From The Sign of Jonas, a diary Thomas Merton kept during the first few years after making his perpetual vows at Gethsemani:
The way You have laid open before me is an easy way, compared with the hard way of my own will which leads back to Egypt, and to bricks without straw.
If You allow people to praise me, I shall not worry. If You let them blame me, I shall worry even less, but be glad. If You send me work I shall embrace it with joy and it will be rest to me, because it is Your will. And if You send me rest, I will rest in You. Only save me from myself. Save me from my own, private, poisonous urge to change everything, to act without reason, to move for movement's sake, to unsettle everything You have ordained.
Let me rest in Your will and be silent. Than the light of Your joy will warm my life. Its fire will burn in my heart and shine for Your glory. This is what I love for. Amen, amen.

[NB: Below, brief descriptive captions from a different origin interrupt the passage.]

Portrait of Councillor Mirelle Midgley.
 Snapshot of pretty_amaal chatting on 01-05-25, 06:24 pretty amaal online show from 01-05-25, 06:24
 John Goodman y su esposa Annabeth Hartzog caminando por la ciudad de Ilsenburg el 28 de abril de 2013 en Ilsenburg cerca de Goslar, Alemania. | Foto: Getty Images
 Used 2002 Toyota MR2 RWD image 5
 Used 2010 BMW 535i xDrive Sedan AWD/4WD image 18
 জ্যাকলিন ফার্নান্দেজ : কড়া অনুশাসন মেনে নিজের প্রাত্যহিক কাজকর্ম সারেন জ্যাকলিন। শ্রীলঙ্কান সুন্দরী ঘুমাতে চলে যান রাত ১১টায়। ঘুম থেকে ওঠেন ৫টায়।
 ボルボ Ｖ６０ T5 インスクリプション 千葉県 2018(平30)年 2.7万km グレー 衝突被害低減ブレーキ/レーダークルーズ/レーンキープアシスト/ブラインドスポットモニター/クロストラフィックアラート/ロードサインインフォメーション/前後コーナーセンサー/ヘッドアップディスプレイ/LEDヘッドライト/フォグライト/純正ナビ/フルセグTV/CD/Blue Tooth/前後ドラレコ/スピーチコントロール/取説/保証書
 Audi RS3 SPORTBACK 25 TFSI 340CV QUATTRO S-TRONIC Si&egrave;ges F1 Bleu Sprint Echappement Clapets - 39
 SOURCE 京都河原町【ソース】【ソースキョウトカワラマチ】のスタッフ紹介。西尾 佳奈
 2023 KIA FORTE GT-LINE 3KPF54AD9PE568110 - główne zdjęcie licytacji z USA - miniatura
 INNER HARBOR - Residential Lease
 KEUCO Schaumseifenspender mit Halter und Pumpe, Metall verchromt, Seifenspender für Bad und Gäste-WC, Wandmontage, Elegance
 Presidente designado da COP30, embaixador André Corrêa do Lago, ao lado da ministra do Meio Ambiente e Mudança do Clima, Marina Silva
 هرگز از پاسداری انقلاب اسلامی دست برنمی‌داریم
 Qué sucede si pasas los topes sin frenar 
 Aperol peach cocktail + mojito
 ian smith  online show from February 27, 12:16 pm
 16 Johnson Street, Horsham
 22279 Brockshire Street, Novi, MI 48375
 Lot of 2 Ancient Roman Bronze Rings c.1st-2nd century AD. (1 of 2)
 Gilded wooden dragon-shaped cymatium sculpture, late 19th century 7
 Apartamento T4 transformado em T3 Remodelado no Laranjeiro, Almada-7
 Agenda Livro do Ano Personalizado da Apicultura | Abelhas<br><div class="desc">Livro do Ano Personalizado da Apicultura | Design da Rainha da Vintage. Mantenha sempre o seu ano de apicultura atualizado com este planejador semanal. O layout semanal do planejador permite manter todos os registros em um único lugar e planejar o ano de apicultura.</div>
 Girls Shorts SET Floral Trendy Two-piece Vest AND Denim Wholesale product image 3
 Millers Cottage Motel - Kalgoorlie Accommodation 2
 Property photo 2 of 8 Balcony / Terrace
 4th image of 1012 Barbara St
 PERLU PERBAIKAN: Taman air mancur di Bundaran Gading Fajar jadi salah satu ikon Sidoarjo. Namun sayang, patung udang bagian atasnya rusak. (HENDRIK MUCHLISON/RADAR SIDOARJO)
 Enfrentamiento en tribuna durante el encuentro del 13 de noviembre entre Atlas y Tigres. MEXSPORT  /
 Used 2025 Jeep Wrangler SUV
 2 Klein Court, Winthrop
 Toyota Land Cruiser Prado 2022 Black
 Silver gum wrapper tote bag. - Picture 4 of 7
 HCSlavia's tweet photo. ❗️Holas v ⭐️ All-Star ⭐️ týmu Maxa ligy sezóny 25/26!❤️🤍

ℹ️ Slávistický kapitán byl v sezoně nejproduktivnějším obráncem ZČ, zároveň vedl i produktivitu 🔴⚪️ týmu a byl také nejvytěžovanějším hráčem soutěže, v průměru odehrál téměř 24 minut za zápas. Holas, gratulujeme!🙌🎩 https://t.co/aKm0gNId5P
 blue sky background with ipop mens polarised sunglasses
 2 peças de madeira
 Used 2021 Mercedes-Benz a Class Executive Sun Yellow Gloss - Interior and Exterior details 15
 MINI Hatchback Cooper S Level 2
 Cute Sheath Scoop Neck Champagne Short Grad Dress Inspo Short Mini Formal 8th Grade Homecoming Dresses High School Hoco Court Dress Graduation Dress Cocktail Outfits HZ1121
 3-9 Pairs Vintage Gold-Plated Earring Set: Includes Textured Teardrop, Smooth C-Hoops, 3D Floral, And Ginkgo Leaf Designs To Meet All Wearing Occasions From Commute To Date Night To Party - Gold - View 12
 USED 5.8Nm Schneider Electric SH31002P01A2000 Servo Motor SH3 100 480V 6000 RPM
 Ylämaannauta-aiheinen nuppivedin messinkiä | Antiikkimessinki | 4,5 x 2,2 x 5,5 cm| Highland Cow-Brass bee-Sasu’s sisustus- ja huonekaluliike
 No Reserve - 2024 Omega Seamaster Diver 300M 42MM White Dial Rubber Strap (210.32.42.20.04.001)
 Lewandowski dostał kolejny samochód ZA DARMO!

I want to write about Steindl-Rast's Gratefulness but I'm not sure if I'm up to it. Pieces of it come back to me constantly which I take to be a good sign. It has opened doors to contemplative forms of prayer which were sort of on the periphery, just out of the corner of my eye. Close-by, but un-named and maybe unseen. Then you see them and the reaction is "Of course! It was there all along!" It seems strange that such a short book would be difficult to summarize, so universal as to defy simple categorization. It is, in short, a book about prayer and gratitude, and how each reflects and magnifies the other in the smallest of moments. These moments should catch us by surprise, which means we must - paradoxically - be prepared for surprise.
That will have to suffice for now. Maybe more later.